About this task -
Your response must be an exact transcription of the lines from the one containing "Women's Beige Lace" through the final line of the data.

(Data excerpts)
::::::::
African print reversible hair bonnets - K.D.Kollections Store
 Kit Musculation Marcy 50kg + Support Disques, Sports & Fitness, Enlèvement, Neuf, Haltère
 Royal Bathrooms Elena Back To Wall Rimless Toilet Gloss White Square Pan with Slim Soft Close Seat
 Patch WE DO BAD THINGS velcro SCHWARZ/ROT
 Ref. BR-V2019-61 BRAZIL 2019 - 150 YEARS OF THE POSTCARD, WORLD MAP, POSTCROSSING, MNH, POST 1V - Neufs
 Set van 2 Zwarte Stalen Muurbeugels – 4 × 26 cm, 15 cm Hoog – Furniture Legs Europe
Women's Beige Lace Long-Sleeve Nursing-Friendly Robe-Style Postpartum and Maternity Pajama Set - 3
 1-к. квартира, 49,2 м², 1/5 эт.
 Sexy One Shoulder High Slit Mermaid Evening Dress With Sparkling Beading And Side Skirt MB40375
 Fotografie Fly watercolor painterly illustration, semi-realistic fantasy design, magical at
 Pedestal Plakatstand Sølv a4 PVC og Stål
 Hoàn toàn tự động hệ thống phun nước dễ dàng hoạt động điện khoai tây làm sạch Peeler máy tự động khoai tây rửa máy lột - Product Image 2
::::::::
Result below -
Women's Beige Lace Long-Sleeve Nursing-Friendly Robe-Style Postpartum and Maternity Pajama Set - 3
 1-к. квартира, 49,2 м², 1/5 эт.
 Sexy One Shoulder High Slit Mermaid Evening Dress With Sparkling Beading And Side Skirt MB40375
 Fotografie Fly watercolor painterly illustration, semi-realistic fantasy design, magical at
 Pedestal Plakatstand Sølv a4 PVC og Stål
 Hoàn toàn tự động hệ thống phun nước dễ dàng hoạt động điện khoai tây làm sạch Peeler máy tự động khoai tây rửa máy lột - Product Image 2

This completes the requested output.